# Shotgun Recommendations



## anytide (Jul 30, 2009)

Ducknut will steer you in the right direction when he wakes up..


----------



## T Bone (Jul 24, 2014)

I have a Benelli M2 Field that i love and is a great all around gun. It is a little more expensive than the Montefeltro but has a totally different fit to it. I have had it for 8 years now and it still looks and fires brand new. 

My best advice though would be go to your local shop and shoulder various makes and models and see which one you feels and fits the best. A proper fitting shotgun can make the world of differences.


----------



## sjrobin (Jul 13, 2015)

I don't shot sporting clays regularly but I have owned the Montefeltro, and currently hunt with the M2 or A400 in 20 GA. Sporting clays usually mean 50 to 100 rounds at a fast pace which means it would be great to have a little less felt recoil. They are all great shotguns. The Montefeltro I had did not have a cast on/off adjustment and the drop adjustment was not adequate to adjust to my 6'4" frame. The M2 and A400 can be adjusted to fit the unusual shooter. The A400 would be my choice for sporting clays if I was into the sport. The M2 is a real tree camo and I put a baked on dull brown finish on the A400.


----------



## JCGator (Feb 5, 2015)

Duck hunting is extremely tough on your gun and i would highly recommend something in a camo finish to protect it from moisture. I used a blued gun my first season and would religiously clean and oil it after the hunt but you will have rust spots before you get back to your truck.

I have a Beretta Xtrema 2 and love it. it is not a cheap gun but i use it for just about everything and has one of the lightest recoils for a 12ga


----------



## MariettaMike (Jun 14, 2012)

Brad said:


> I would be mostly shooting sporting clays......

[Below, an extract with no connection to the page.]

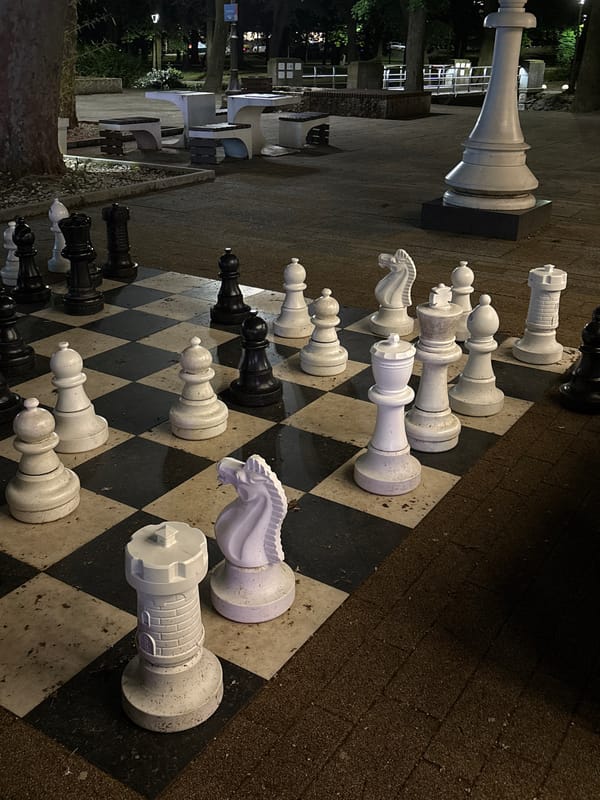 Evening stroll captures chess, arcade games, lit steps in Serbian spa town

I would base my decision on which semi-auto has the best shell catcher available because picking up hulls gets old.


----------



## devrep (Feb 22, 2009)

For SC a double is the best way to go.


----------



## mtoddsolomon (Mar 25, 2015)

I hunt a beretta a400 extreme in max 4 and it's been the absolute best shotgun I've owned and absolutely indestructible. It's a little bit more than what you're looking at spending but for a gun that will last forever I think spending a little extra is worth it.


----------



## GG34 (May 2, 2014)

Remington 870 pump with camo spray paint. 300 bucks. Shoots ducks with the best of them. Doesn't rust. I'm ready to take a beat down for this recommendation.


----------



## sjrobin (Jul 13, 2015)

Rem 870 is a great shotgun. My first shotgun purchase $99 on sale in 1974. I hunted so much then the stock split from the constant saltwater soaking. No synthetics then. I think he said he wanted an auto loader.


----------



## anytide (Jul 30, 2009)

yup, 870 express magnum 3"
ducks/ doves/ pigs/ perps.
does it all


----------



## Flyman28 (Nov 19, 2015)

Remington 870 Pump Sportsman model, 12ga Magnum - Strip it to bright silver paint it with Red Primer, then camo over it and let it dry over the summer. A pump can be cleared by racking, if its frozen you can slam the butt down and rack it to clear it, If you hunt saltwater, nothing eats a gun faster than corrosion, so the paint gave me 15 years something Parkerizing or any other coating can't. Your shot gun in duck hunting is also your cripple killer, emergency push pole and paddle, decoy retriever , name it. Do you really want to use a $1000 dollar gun for that. Learn how to use recoil to speed up your racking and its faster than an auto and it forces you to reset your cheek on the stock. Next to your dog its your best buddy on your worst day. Just my .02 after twenty years of water fowling 5 days a week.


----------



## scissorhands (Apr 8, 2012)

Brad,
They are all good shotguns, go shoulder/shoot them to see which one fits you best then go buy an over/under.


----------



## GG34 (May 2, 2014)

You can buy duracoat in spray cans for 30 bucks. Paint it over the parkerized express finish. Easy.


----------



## MariettaMike (Jun 14, 2012)

sjrobin said:


> Rem 870 is a great shotgun. My first shotgun purchase $99 on sale in 1974. I hunted so much then the stock split from the constant saltwater soaking. No synthetics then. I think he said he wanted an auto loader.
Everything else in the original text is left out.